Santana, “Stormy,” #32, 2/24/79
Carlos Santana is one of the all-time great guitar players, but while he’s cowritten many Santana songs, my impression is he’s not a lyricist, so many of his songs are instrumentals. The one top 20 hit he had a hand in writing was 1999’s “Maria, Maria” (and there were four cowriters on that one). In the late 1970s, the band was trying to get out of its commercial rut; they stuck a remake of The Zombies’ “She’s Not There” on their half-live/half-studio set Moonflower and were rewarded with their first top 30 hit in six years. As a result, the subsequent studio LP Inner Secrets contained three remakes (well, three and a half if you count the “Dealer/Spanish Rose” medley, as the first song was originally recorded by Traffic); this one (originally done by The Classics IV) was the most successful of the singles.

Sylvester, “You Make Me Feel (Mighty Real),” #36, 2/24/79

Second single from Sylvester’s Step II album, and while this didn’t chart nearly as high as “Dance (Disco Heat)” had the previous year, it probably has had more impact over the years. Sylvester had a religious background (he had attended Pentacostal services regularly with his family before leaving home over his homosexuality), and this song definitely has a religious fervor. The song hit #1 on Billboard’s Disco chart in 1978 as a two-sided hit with “Dance (Disco Heat),” and it hit #1 on the Dance chart 20 years later, in a version by Byron Stingily. Jimmy Somerville, formerly of Bronski Beat and The Communards, had a #5 UK single with his version in 1990.

Melba Moore, “You Stepped Into My Life,” #47, 2/24/79Sometimes being multitalented means more opportunities to break through; sometimes it means only moderate success in a wide variety of areas. The latter probably applies to Moore, who despite 26 albums and 18 top 20 R&B hits, a fine Broadway career (original cast of Hair and a Tony award for Purlie), and two TV series, she has never really had the name recognition one might expect. This was her biggest pop hit, and not surprisingly it was a major disco hit as well, but it just missed the top 40. Moore still tours and records today.

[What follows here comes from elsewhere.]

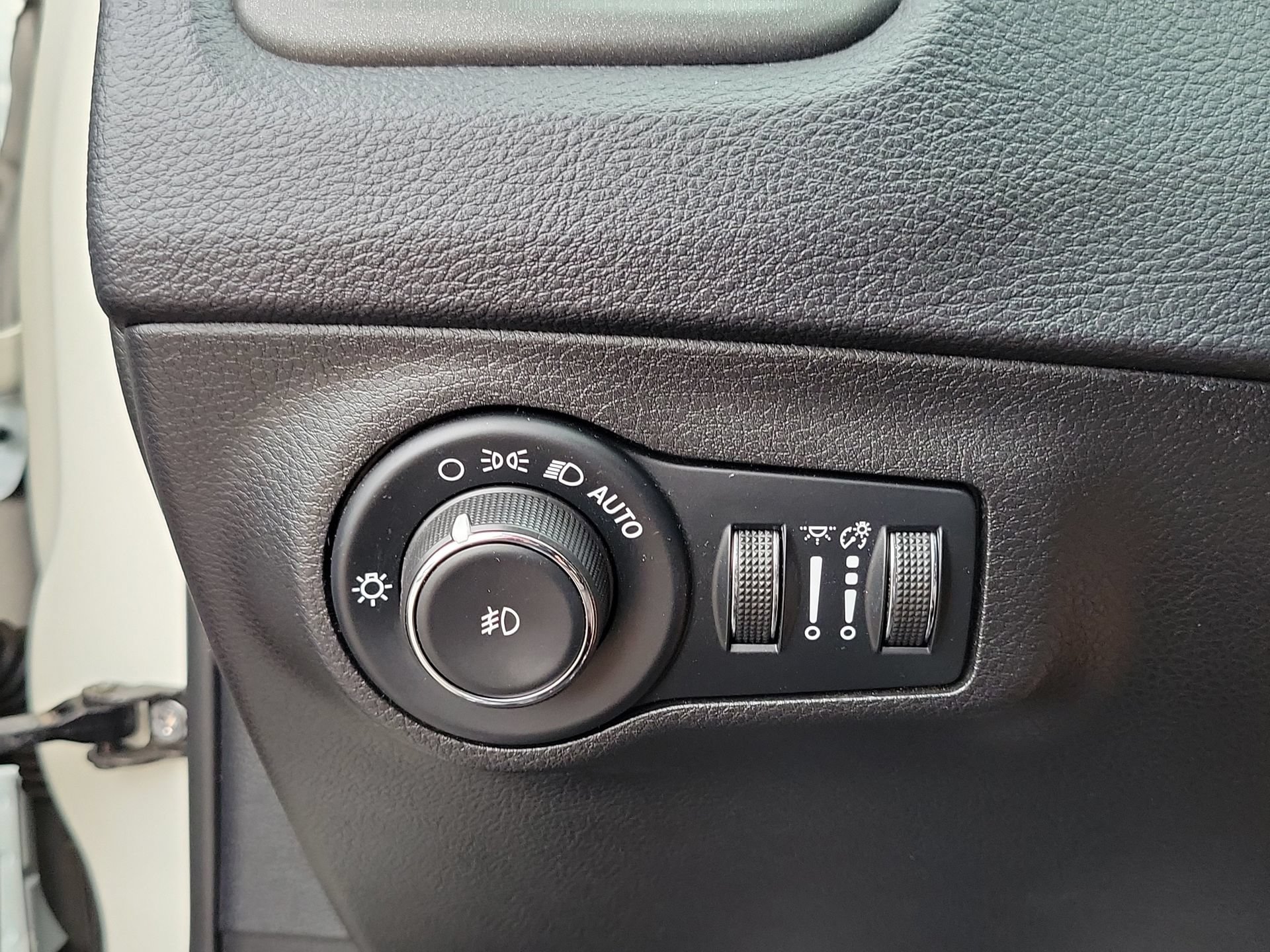 Certified 2020 Jeep Compass Trailhawk AWD/4WD image 11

Eric Carmen, “Baby, I Need Your Lovin’,” #62, 2/24/79
Second and final chart hit from Carmen’s third solo LP, Change of Heart; this is a remake of The Four Tops’ hit (although the most successful version was by Johnny Rivers). Carmen’s version doesn’t have anything to particularly recommend about it; it’s not a pumping disco remake, nor is it a rocker. I’m not familiar with the album, but the fact that it clocks in at less than 30 minutes is never a good sign – maybe there was some sort of label deadline or need to release it to coincide with a tour.

Stonebolt, “Love Struck,” #70, 2/24/79
Second and final chart hit by this pop/rock band from Vancouver, British Columbia. Their first chart single, “I Will Still Love You,” hit #29 in 1978, from the group’s eponymous LP. This appears to have been a planned leadoff single for a second album, but that album never appeared – the group’s label, Parachute Records, folded sometime later in the year. (Parachute was one of many Casablanca Records sublabels, along with Casablanca West, Chocolate City, Earmarc, Millennium, and Oasis.) The song would eventually appear on a 1980 RCA album, Keep It Alive.

Sarah Dash, “Sinner Man,” #71, 2/24/79
This is Dash’s one and only Hot 100 hit as a solo artist (she’d been part of Labelle until 1977, and Patti Labelle & The Bluebelles before that). All three members of Labelle could and did sing lead on various songs, so solo albums after the trio broke up made sense, but from what I’ve read, the material she got was fairly second rate. Dash also performed with Keith Richards on his solo albums and tour in the late 1980s, and has done several reunions with Labelle. She still performs on an irregular basis, mostly in and around New York City, where she makes her home. The video here is terrible, but it’s the only performance video available from the era (that’s Don Kirshner introducing her).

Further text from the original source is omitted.